Task to complete:
If a line of the data below contains the string "Travel", copy it into your answer.

Extracted records:
———
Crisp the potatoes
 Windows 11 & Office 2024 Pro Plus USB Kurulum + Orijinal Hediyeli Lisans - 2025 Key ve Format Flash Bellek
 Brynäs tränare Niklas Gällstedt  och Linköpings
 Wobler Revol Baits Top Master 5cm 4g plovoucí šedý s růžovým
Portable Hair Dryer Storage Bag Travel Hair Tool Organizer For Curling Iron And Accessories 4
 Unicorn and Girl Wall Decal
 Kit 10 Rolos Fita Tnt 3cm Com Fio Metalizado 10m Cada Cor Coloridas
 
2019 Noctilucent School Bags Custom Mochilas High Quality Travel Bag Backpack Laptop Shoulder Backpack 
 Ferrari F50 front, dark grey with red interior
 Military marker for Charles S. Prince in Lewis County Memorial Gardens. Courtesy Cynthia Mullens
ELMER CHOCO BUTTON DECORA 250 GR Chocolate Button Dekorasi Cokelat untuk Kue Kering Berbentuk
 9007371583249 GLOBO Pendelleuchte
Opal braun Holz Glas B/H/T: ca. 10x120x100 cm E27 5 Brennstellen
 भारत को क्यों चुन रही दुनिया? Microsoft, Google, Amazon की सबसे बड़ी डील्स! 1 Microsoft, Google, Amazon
———
Result of this exercise:
Portable Hair Dryer Storage Bag Travel Hair Tool Organizer For Curling Iron And Accessories 4
2019 Noctilucent School Bags Custom Mochilas High Quality Travel Bag Backpack Laptop Shoulder Backpack 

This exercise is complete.